__EXERCISE DESCRIPTION__. Skip the pictures. Quote every line below, exactly, from the one with "Audi A4 Avant" through the final line.

__COLLECTED MATERIAL__.
»»

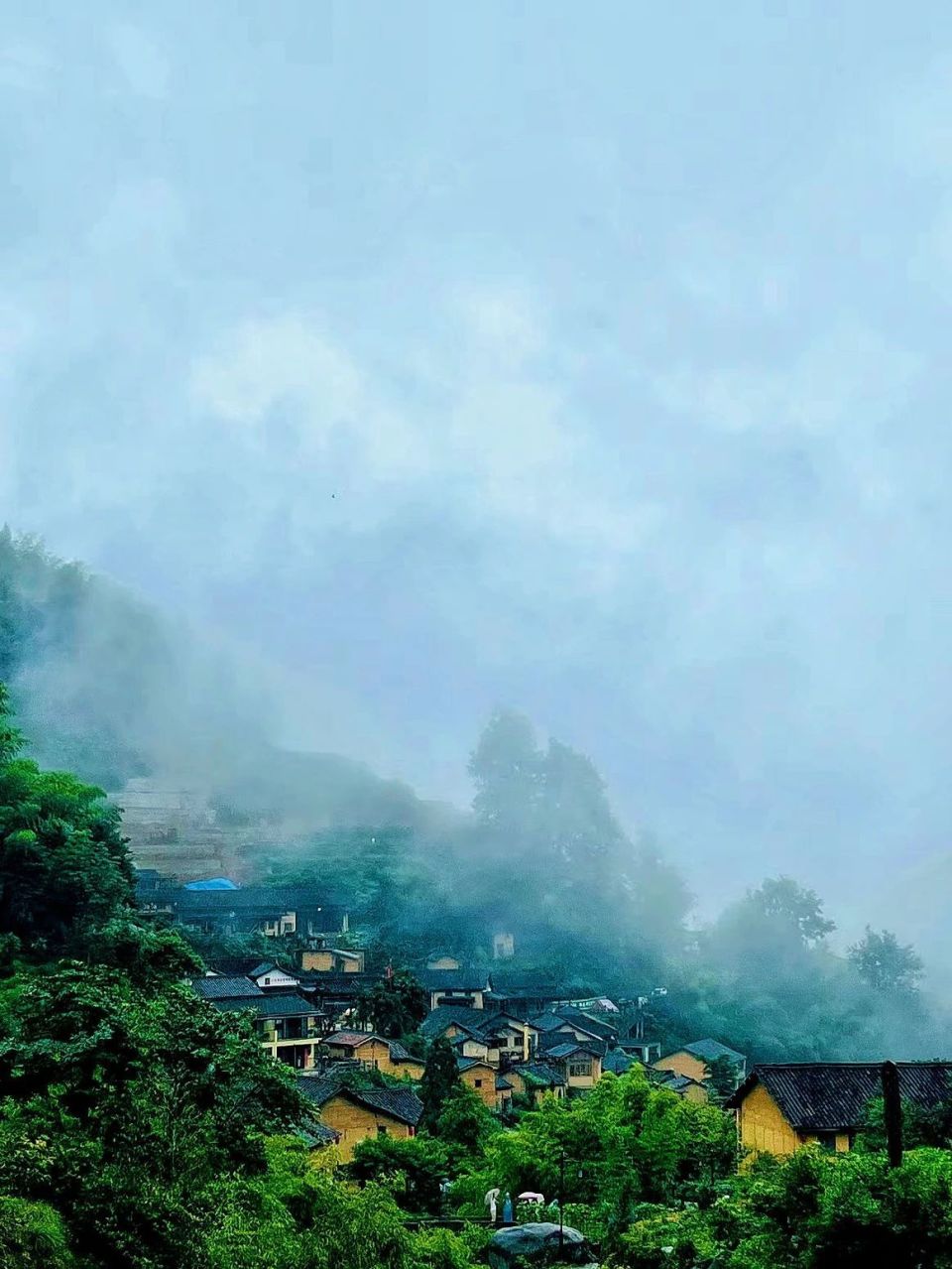 这六个别有意境的目的地,雨天照样嗨玩!_腾讯新闻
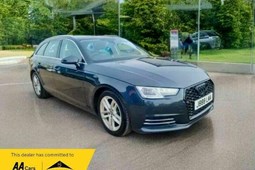 Audi A4 Avant (15-24) 2.0 TDI Ultra (190bhp) Sport 5d For Sale - The Small Car Company, Eastleigh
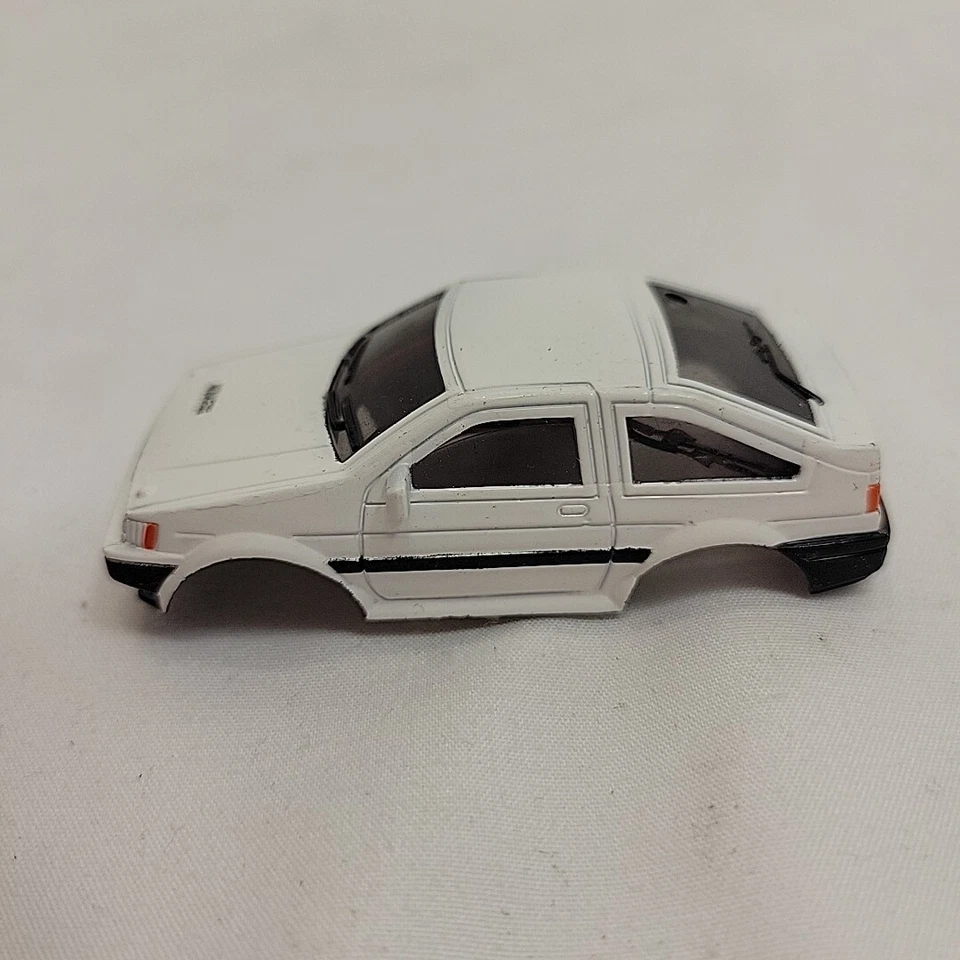 Zip Zaps Micro RC Car Body Only Toyota Corolla Levin White 1:64 Scale Body Only - Image 2 of 4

««

__RESPONSE AREA__.
 Audi A4 Avant (15-24) 2.0 TDI Ultra (190bhp) Sport 5d For Sale - The Small Car Company, Eastleigh
 Zip Zaps Micro RC Car Body Only Toyota Corolla Levin White 1:64 Scale Body Only - Image 2 of 4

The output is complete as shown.